* [RECORDED DATA]:
________________________

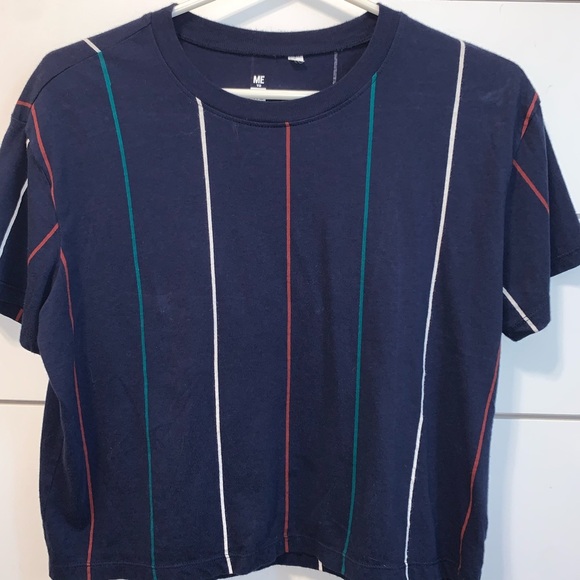 Pacsun navy blue red white green striped tee - Picture 2 of 4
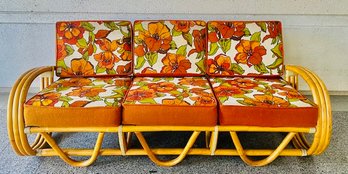 Vintage Paul Frank Pretzel Style Bent Bamboo Sofa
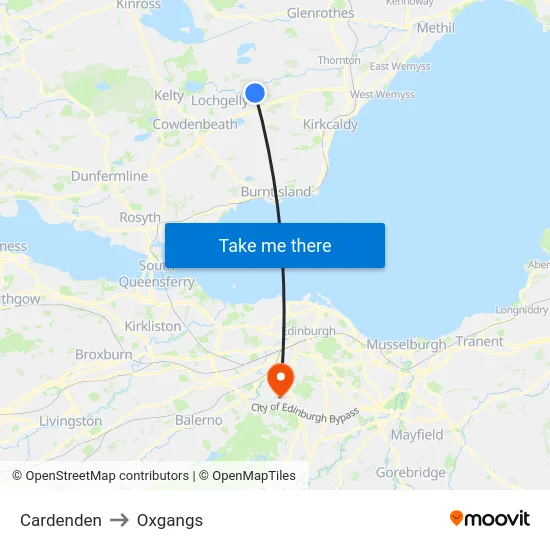 Cardenden to Oxgangs map
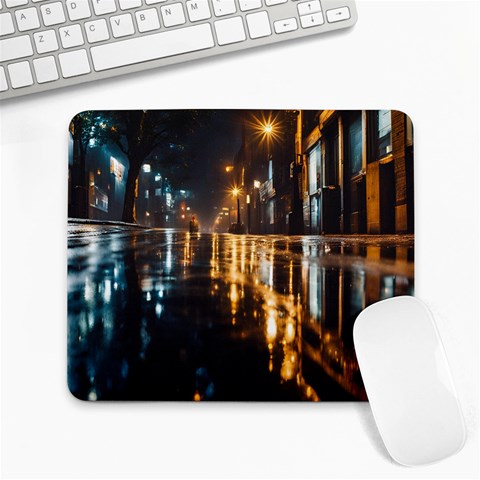 Rainy City Street at Night Large Mousepad from ArtsNow.com Front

________________________

* [WHAT IS EXPECTED]:
With the line containing "Cardenden to Oxgangs map" as the first line and the last line of the listing as the final one, reproduce that span exactly, without pictures.

* [EXERCISE ANSWER]:
 Cardenden to Oxgangs map
 Rainy City Street at Night Large Mousepad from ArtsNow.com Front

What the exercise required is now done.